While Judge Jackson, like other federal judges before her, based her decision on the premise that “the constitution vests the ultimate power to decide how the military should run itself in Congress,” it was in fact the judiciary that first devised the theory responsible for barring service members from recovering for non-combatant injuries, making it all the more important for Congress to restore its authority by correcting the incursion.

In 1950, the U.S. Supreme Court agreed to review Feres v. United States, a collection of three cases, all of which sought to hold the military accountable for acts of negligence under the Federal Tort Claims Act.

While the plaintiffs were service members, the circumstances giving rise to their claims—a building fire caused by a defective heater, and two instances of botched surgical procedures—bore no relationship to actual military duties, and were effectively interchangeable with those yielding recovery for countless civilians. As such, they stood in stark contrast to the claims expressly barred by the Act: those “arising out of the combatant activities of the military…during time of war.”

Despite these clearly circumscribed statutory terms, the Feres Court translated the Act far more broadly, to bar all injuries that “arise out of or are in the course of activity incident to service.” As strained and improbable as this analysis may be, its true danger has rested less in its immediate application to tort cases than in the foundation it has laid for a widely-metastasizing theory of intra-military immunity from any civil claim at all.

Over half a century later, Feres is not only a judicial invention, but, more alarmingly, the seed of an ever-increasing body of flawed doctrinal offspring.

The Feres ruling, for example, later shaped a series of federal appeals courts barring uniformed personnel from bringing discrimination claims under Title VII of the Civil Rights Act, ordinarily a vehicle for holding employers liable for sexual harassment and assault. While these courts explicitly reserved the availability of constitutional claims, specifying that Congress never intended to deprive service members altogether of a remedy for discrimination, the Supreme Court ultimately did just that in Chappell v Wallace.
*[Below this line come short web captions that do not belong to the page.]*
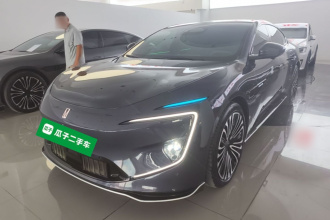 阿维塔12 2024款 700 三激光后驱奢享版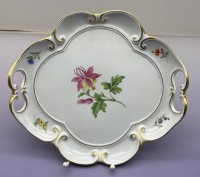Auktion 373<br>ovale Platte "Meissen" Blumen und Gold, 1.Wahl, 30x27,5 cm, H-5 cm
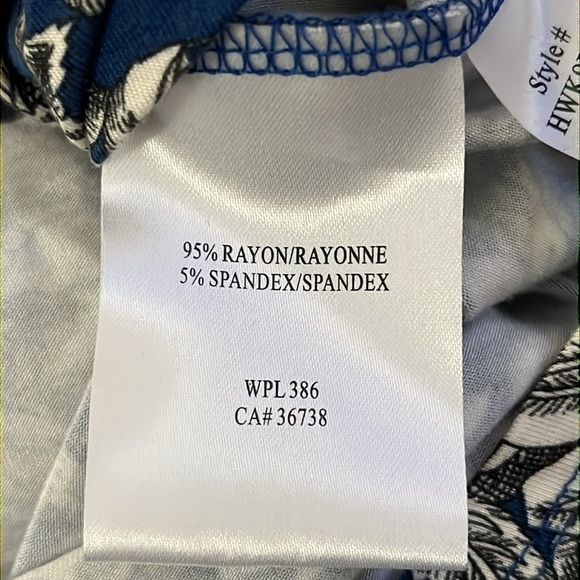 Haggar Clothing Petite 3/4 Sleeve Boatneck Tee Floral Print Stretch - Picture 10 of 11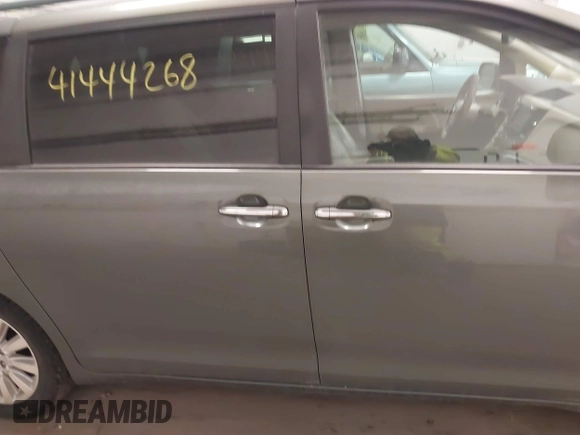 2011 Toyota Sienna XLE with VIN 5TDDK3DC0BS008343, listed as a IAAI auction lot 41444268 with 215,778 mi miles. Bid and sale history available at carsss.com. Image 13.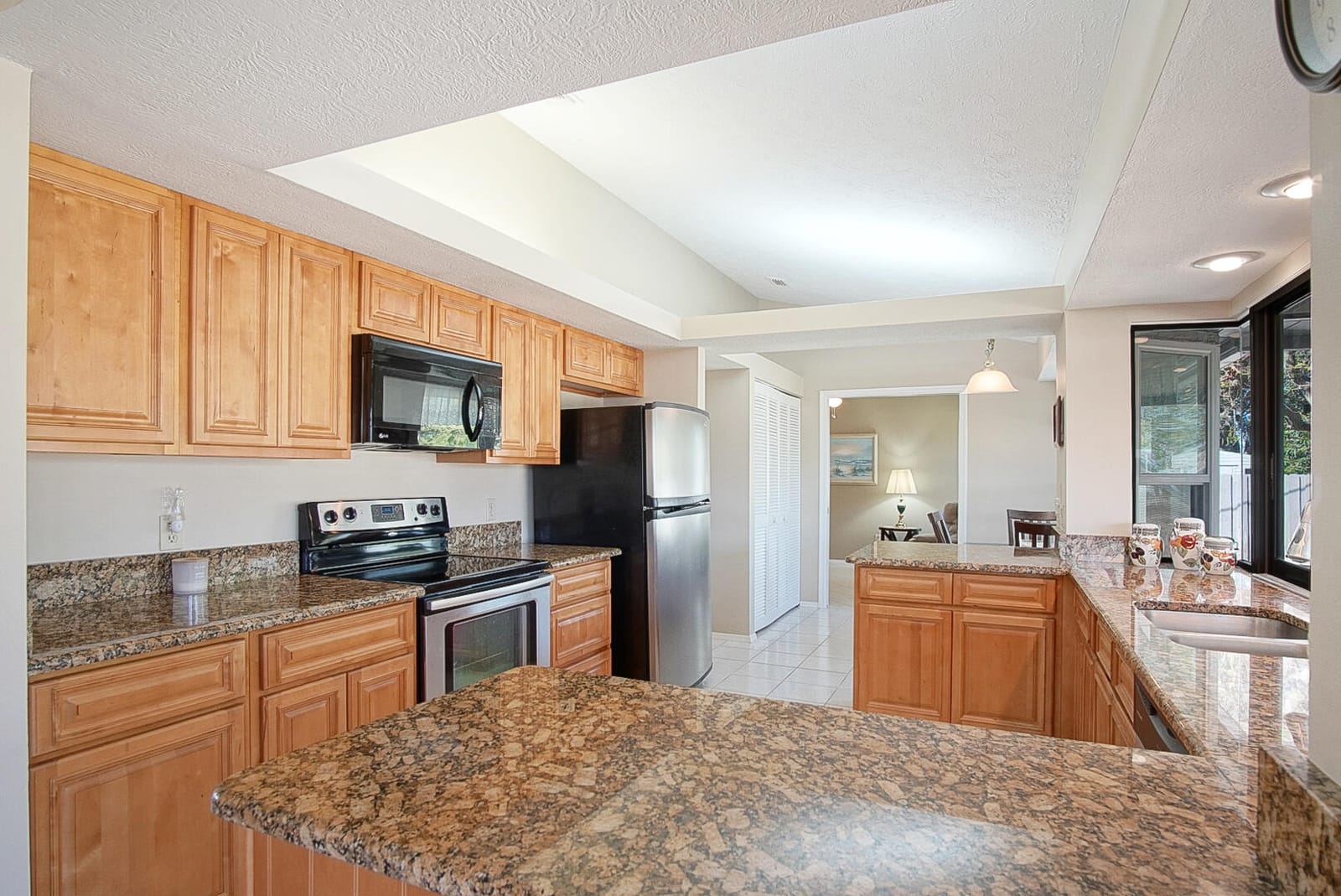 121 SE Lakehurst Drive — photo 8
Asserting that “the Court’s analysis in Feres guides our analysis in this case,” Chappell further enshrined a principle born not of the will of Congress, but of judicial interpretation.

Ironically, by the time Chappell was decided, the Supreme Court had already rejected the original rationales behind Feres—the absence of equivalent non-government liability, the inapplicability of state tort law to a uniquely federal matter, and the availability of disability compensation through the VA — in favor of a general determination that civil suits would undermine military discipline.

A few years later, the Court’s expansion of Feres to bar service member claims against civilian employees prompted a group of dissenting justices to question even the latter rationale, given the FTCA’s utter silence on the issue of military discipline:

“Perhaps Congress recognized that the likely effect of Feres suits upon military discipline is not as clear as we have assumed, but in fact has long been disputed…Or perhaps Congress assumed that the FTCA’s explicit exclusions would bar those suits most threatening to military discipline…Or perhaps Congress assumed that, since liability under the FTCA is imposed upon the Government, and not upon individual employees, military decision-making was unlikely to be affected greatly…Or perhaps—most fascinating of all to contemplate—Congress thought that barring recovery by servicemen might adversely affect military discipline.”

The result, decades later, is that a doctrine both created and expanded by the judiciary continues to serve as the basis for federal courts to abstain, more than a little disingenuously, from interfering in matters concerning military personnel.

Meanwhile, the “incident to service” provision routinely cited as an impediment best fixed by Congress is nowhere to be found in federal statute, making legislative reform something of an existential puzzle.

Caught in an endless game of hot potato, the Feres doctrine has eluded ownership for over half a century—if the courts won’t accept responsibility for their creation, then it’s time for Congress to rescue it from their hands.